The Dutch education system has been going through quite some changes in recent years and not everybody is happy with that, especially those directly involved – the students and teachers. The past year has seen some action on behalf of many organisations such as #WOinactie, that is against budget cuts to universities on a national level and Changing Perspective – an activist group here in Nijmegen.
Students on the whole agree that there is a problem with the ever-increasing commercialisation of universities. Klaus Asbjørn Madsen, a Danish Master’s student and a member of Changing Perspective, says: ‘This new public management idea – run everything like a business – doesn’t make sense when applied to a university. In this business model the client is the state, but the students seem to be irrelevant?’
Still going strong
Others share that sentiment. Steffen Kling, another Changing Perspective member and Biochemistry student, sees an imminent danger in applying market strategies to education and urges to act now, while the quality of education is still high:‘If we look around us, the university is still going strong, but they are focusing on the wrong things. They are expanding and building, but they are not focusing on delivering the highest standard of education for everybody.’
‘It is no longer about broadening your knowledge horizon.’

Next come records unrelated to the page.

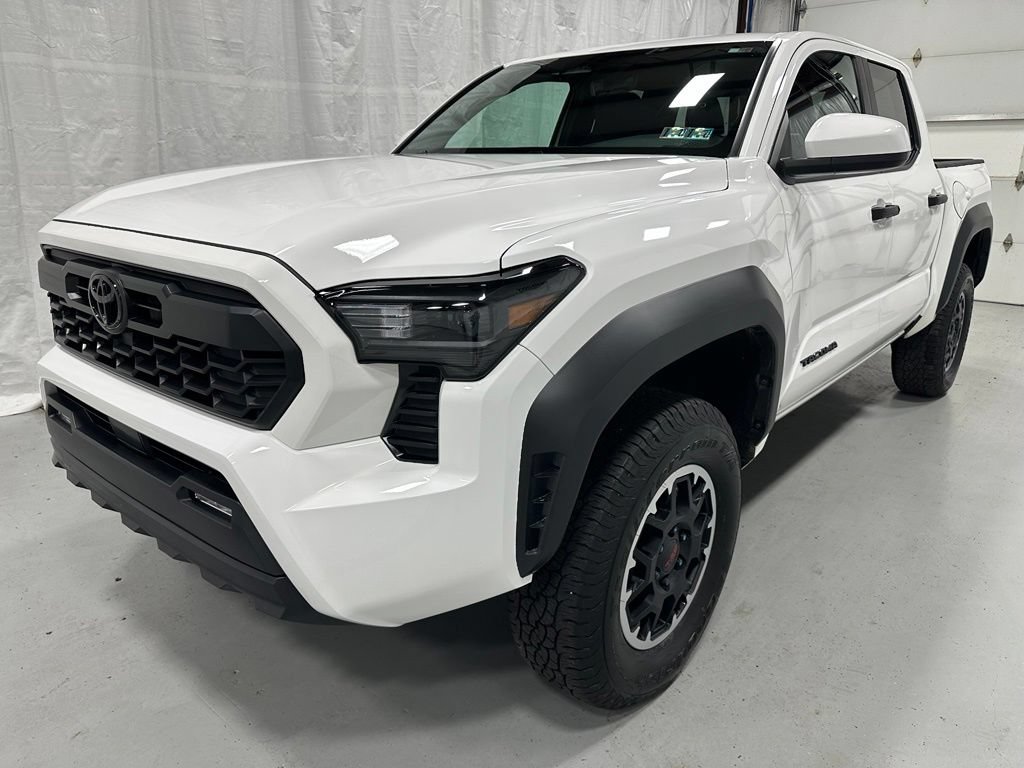 Used 2026 Toyota Tacoma TRD Off-Road AWD/4WD image 3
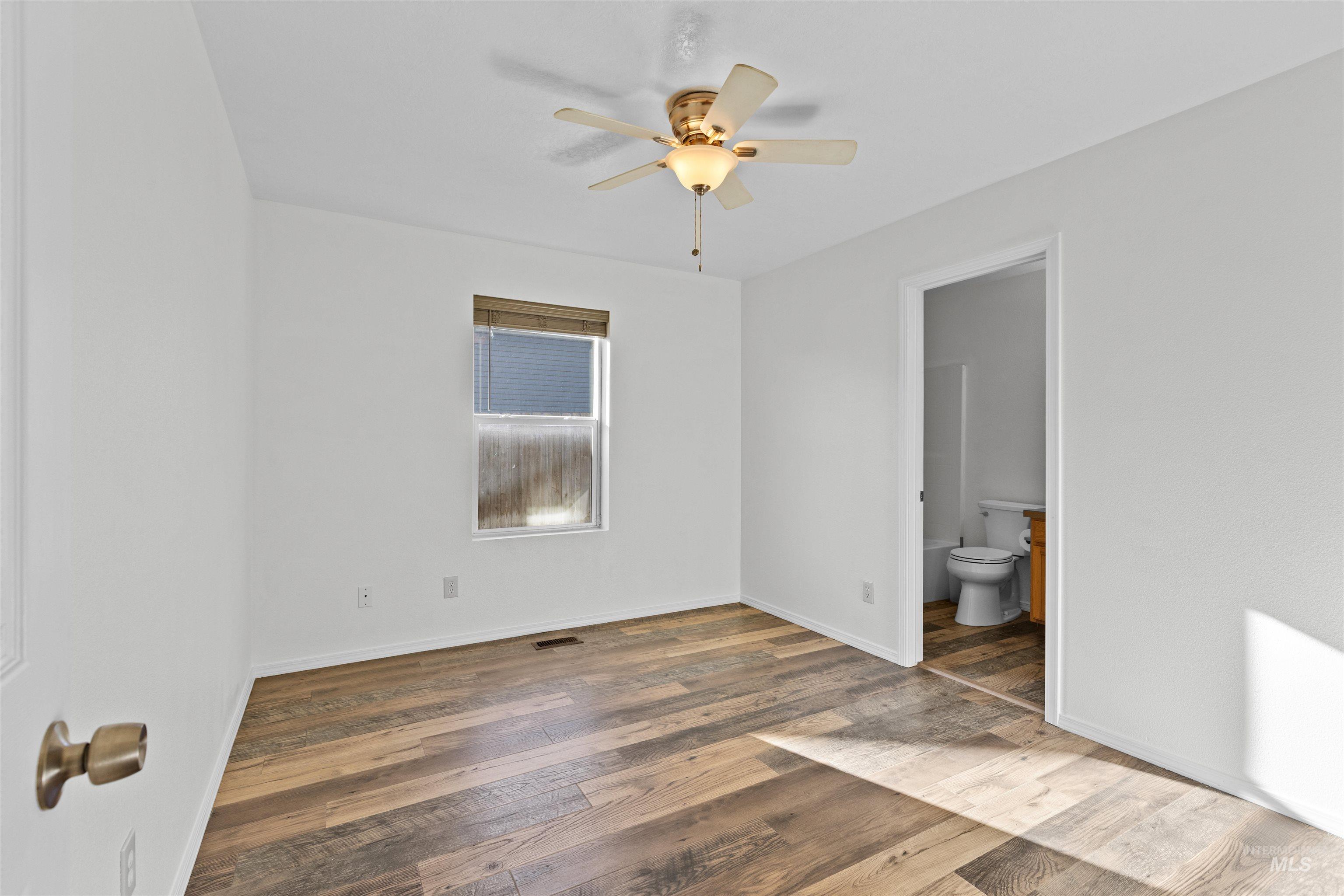 16535 Chino Ave, Caldwell, Idaho 83607-5314, 3 Bedrooms, 2 Bathrooms, Residential For Sale, Price $329,900,MLS 98969019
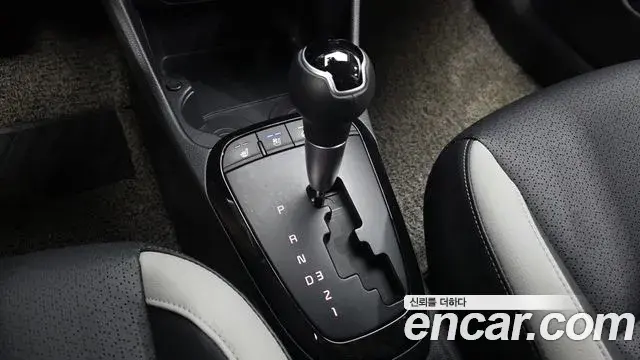 Kia Morning Urban 2021 — Şəkil 10/30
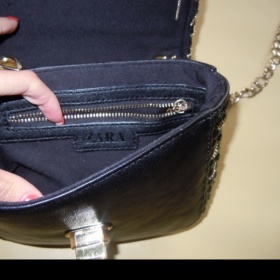 Černo zlatá crossbody  na řetízku Zara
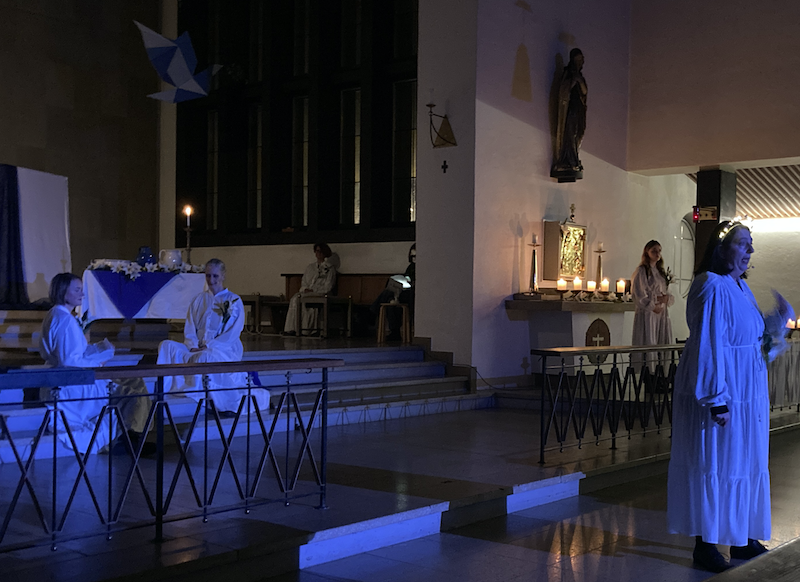 09-Mysteriensiel-Poeschl-Blau-2024-11-800-013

Some faculties suffer more than others as the allocation of resources is usually based on the prestigiousness of the programme. Therefore the Science, Law and Management faculties experience less problems stemming from nationwide budget cuts. Teun Berentsen, a second-year Arts and Culture student, bitterly remarks that everything is oriented towards money and earnings: ‘It is no longer about broadening your knowledge horizon or developing yourself as a human being like in ‘the old days’ where the faculties of arts and philosophy were the core pillars of the university.’
But while there is an evident lack of funding, the number of students keeps growing with a larger portion of internationals every year. This creates an array of problems both for incoming students and staff members. A large number of students confirms that the housing shortage is creating a crisis situation at one point or another during their studies.
‘Many internationals are forced to stay in hotels, at friends places, essentially being homeless during their studies’. Dahala Gabaake, a student from Botswana, recalls her experience of having no housing for a few months.
And housing isn’t the only issue that stems from an influx of students coming to a university that cannot sustain them. The professors suffer from a higher amount of students in each course, resulting in a higher workload, lack of time to properly engage in the material and eventually a loss of interest from both the teachers and the students.
There needs to be a collaboration between the Dutch and the internationals.
Moreover, budget cuts affect the amount of full-time positions the university can offer, so more and more good teachers leave and the ones that stay are drowned in the teaching and research they still inevitably have to deliver, something a number of students from the Arts faculty attested to. Even students from the Science faculty acknowledge that the system is harsh on teachers as well as students and that it is important to collaborate with the teachers to make education better and more accessible.
As well as a collaboration between students and teachers, many agree that there needs to be one between the Dutch and the internationals. Madsen noted that to him, the Dutch can seem a little more disengaged from university politics than students in other countries and Kling explains this discrepancy by the high living standards in the Netherlands and general conformism and contentedness in the society as a result. However, at least in Nijmegen there is a growing alternative scene and many Dutch students are joining the ‘opposition’ on both local and national levels. There is some uncertainty in future role of internationals in the battle for better education as it takes time to make change on a policy level and some internationals simply won’t be there to see it.